### Instructions to follow
Return, in their exact form, the lines that lie between the start of the data below and the line containing "Пожар на Верхней", with both ends included.

Items listed in a dataset:
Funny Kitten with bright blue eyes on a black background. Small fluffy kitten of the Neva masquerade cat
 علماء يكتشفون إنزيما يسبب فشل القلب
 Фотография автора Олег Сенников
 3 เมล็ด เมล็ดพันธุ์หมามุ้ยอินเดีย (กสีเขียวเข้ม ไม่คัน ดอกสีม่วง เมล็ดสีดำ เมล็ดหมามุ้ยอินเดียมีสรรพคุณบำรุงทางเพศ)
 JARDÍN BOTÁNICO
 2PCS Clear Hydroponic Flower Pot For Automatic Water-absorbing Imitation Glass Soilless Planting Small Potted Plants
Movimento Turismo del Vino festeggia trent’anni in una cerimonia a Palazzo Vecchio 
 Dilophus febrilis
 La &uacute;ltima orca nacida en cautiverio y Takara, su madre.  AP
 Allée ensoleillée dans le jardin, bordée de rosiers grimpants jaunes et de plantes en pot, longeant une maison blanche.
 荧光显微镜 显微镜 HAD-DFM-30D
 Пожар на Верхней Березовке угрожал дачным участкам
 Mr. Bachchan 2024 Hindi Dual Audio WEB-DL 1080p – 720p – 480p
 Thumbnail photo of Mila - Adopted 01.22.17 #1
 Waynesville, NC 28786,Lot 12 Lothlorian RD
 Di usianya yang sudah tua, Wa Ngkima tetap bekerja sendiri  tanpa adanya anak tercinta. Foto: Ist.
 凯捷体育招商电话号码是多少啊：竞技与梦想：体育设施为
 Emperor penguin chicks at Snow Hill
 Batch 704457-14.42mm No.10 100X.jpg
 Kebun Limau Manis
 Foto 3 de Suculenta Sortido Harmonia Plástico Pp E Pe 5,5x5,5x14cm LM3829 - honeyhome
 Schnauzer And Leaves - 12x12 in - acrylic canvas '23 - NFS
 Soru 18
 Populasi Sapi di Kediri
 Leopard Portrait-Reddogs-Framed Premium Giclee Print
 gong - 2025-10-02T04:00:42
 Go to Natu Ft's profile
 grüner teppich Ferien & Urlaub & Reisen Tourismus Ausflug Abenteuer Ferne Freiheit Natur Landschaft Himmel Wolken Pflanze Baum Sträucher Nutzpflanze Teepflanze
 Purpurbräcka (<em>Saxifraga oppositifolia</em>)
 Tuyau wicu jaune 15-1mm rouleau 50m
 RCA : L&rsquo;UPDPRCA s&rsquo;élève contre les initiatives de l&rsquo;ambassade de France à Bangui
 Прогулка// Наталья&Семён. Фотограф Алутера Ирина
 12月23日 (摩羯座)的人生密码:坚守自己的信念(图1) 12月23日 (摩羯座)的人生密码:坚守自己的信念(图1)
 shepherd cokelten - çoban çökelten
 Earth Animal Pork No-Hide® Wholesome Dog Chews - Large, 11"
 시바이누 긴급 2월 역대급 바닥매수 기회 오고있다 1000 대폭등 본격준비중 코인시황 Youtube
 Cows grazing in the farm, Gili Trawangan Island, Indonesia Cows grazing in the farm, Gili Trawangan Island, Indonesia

### Solution for this problem
Funny Kitten with bright blue eyes on a black background. Small fluffy kitten of the Neva masquerade cat
 علماء يكتشفون إنزيما يسبب فشل القلب
 Фотография автора Олег Сенников
 3 เมล็ด เมล็ดพันธุ์หมามุ้ยอินเดีย (กสีเขียวเข้ม ไม่คัน ดอกสีม่วง เมล็ดสีดำ เมล็ดหมามุ้ยอินเดียมีสรรพคุณบำรุงทางเพศ)
 JARDÍN BOTÁNICO
 2PCS Clear Hydroponic Flower Pot For Automatic Water-absorbing Imitation Glass Soilless Planting Small Potted Plants
Movimento Turismo del Vino festeggia trent’anni in una cerimonia a Palazzo Vecchio 
 Dilophus febrilis
 La &uacute;ltima orca nacida en cautiverio y Takara, su madre.  AP
 Allée ensoleillée dans le jardin, bordée de rosiers grimpants jaunes et de plantes en pot, longeant une maison blanche.
 荧光显微镜 显微镜 HAD-DFM-30D
 Пожар на Верхней Березовке угрожал дачным участкам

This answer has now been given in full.